Pacing Emotionally: Matching MOOD AND EMOTION

Matching a mood almost occurs automatically if you pace someone's body posture and speech rate. It is your choice to maintain your own mood or adopt theirs. Thoughtfulness and appropriateness are the key ingredients here. If they are in a good mood - fine! If they're in an "off" mood you can assist them to a better one by getting into rapport and directing their mind towards better times with "conditioning statements."

"Conditioning Statements" and the Power of Speaking in Positives

Did you ever have someone tell you "there's nothing to worry about"? What did you do? Chances are you wondered about what you shouldn't be worrying about. Try this experiment for a moment. ... Pause ... and ...Don't think about a pink elephant. Do NOT THINK of a PINK ELEPHANT. Chances are that you had to think of the pink elephant, however briefly, in order to consciously dismiss the thought.

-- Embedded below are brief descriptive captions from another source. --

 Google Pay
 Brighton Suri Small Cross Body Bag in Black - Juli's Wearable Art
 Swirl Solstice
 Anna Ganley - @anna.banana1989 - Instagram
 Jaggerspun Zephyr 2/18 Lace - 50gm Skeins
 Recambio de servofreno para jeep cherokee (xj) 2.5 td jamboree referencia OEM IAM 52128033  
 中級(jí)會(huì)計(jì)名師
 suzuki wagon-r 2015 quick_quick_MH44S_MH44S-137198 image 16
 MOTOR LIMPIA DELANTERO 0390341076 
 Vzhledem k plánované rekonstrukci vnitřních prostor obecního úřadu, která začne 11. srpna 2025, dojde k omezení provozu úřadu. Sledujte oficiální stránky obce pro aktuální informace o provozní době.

Presupposing that the unconscious mind does not deal in negatives OR that our minds are momentarily directed to the unwanted state in order to make sense of a statement, the following communication formula is derived:

Original Statement
Minus Negation
Equals Unconscious message received.

Therefore statements are internally transformed and become something other than what we intend -- whether for ourselves or for others.

Don't feel bad. = Feel bad.
Don't be in a bad mood. = Be in a bad mood.
I don't want to gain weight. = I want to gain weight.

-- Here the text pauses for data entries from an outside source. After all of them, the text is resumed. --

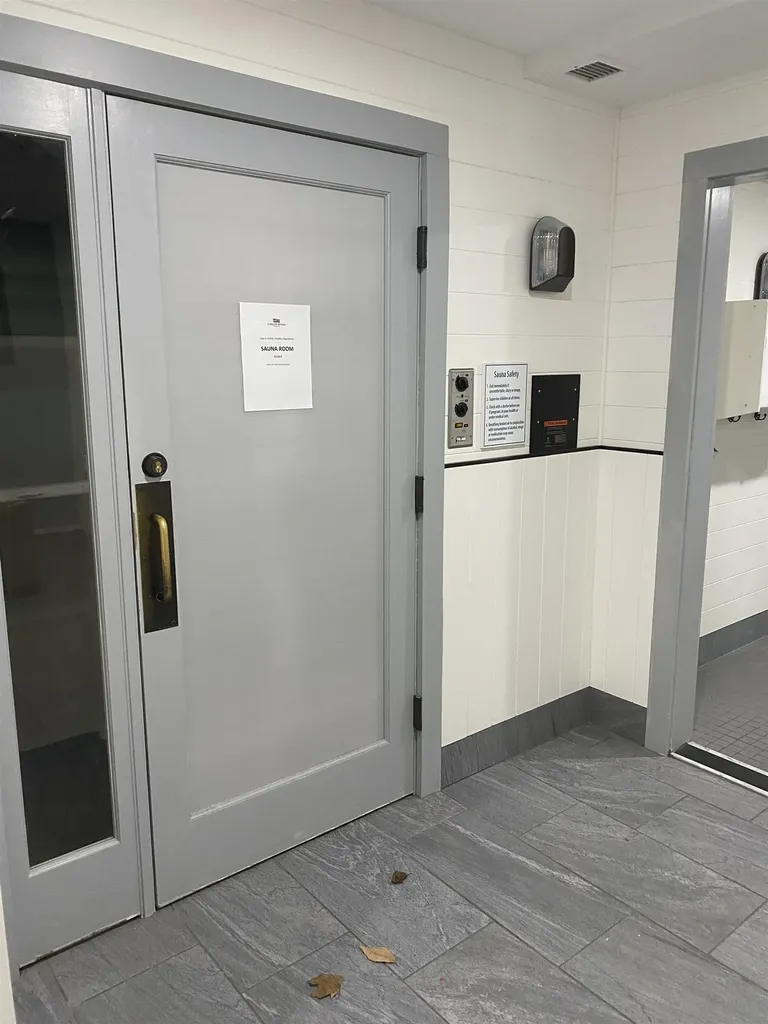 304/06 Qtr.2,89 Grand Summit Way Dover VT 05356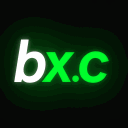 Bronxcash🍀 | gg/bronxcash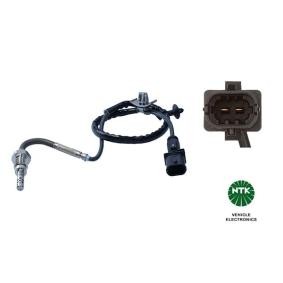 Comprar Sensor, temp. gas escape de NGK 97873 a bajo precio de 63,95 €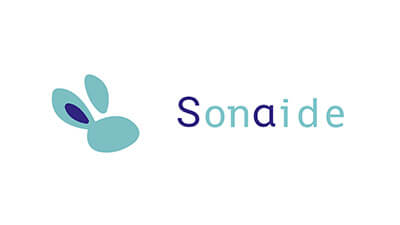 Sonaide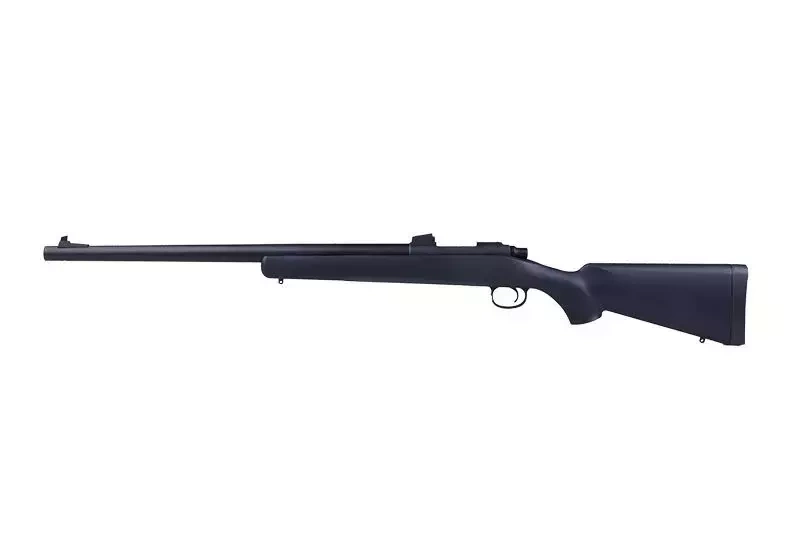 Réplica del fusil de francotirador CM701
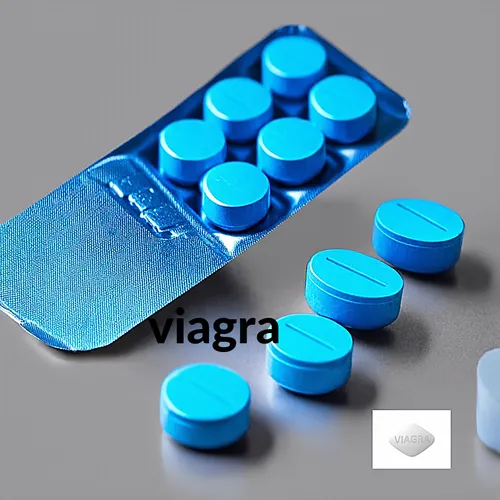 Viagra per uomo prezzo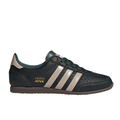 Adidas Japan Mineral Green (W)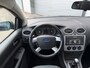 Ford Focus 1.6-16V Trend Airco|5Drs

Speaking in Positives is a better alternative. Tell people (or yourself) what you do want rather than telling them (or yourself) what you don't want.

"Feel good." "I hope you feel comfortable." "I want to be good." Etc..

It's unfortunate that negative phraseology is such a common pattern in our language. DON'T THINK OF THE ADVANTAGES THAT YOU WOULD RECEIVE IF YOU MAKE A CONSCIOUS EFFORT TO CHANGE TOWARDS SPEAKING IN POSITIVES MORE OFTEN. Try this out for a couple of weeks and you'll notice significant changes in people's responsiveness to you.


"Chemistry" occurs naturally and easily for many people. However, until now, it was a hit-or-miss process. By pacing the other person physically and mentally we more closely replicate that person -- allowing them to be more comfortable with us because we are like them. It's almost as if there's something about us that they like but can't quite figure out -- it's themselves!

The awareness of these techniques gives us a tool to use whenever we choose. If things are going well, forget about it and enjoy yourself. If something isn't quite right, you now have a tool box of rapport generating techniques.

These techniques can be applied in virtually any interaction. They are of special value when active cooperation is necessary. Other specialized applications can include: Coaching and Counselling; Advertising and Marketing ; Making presentations to large audiences.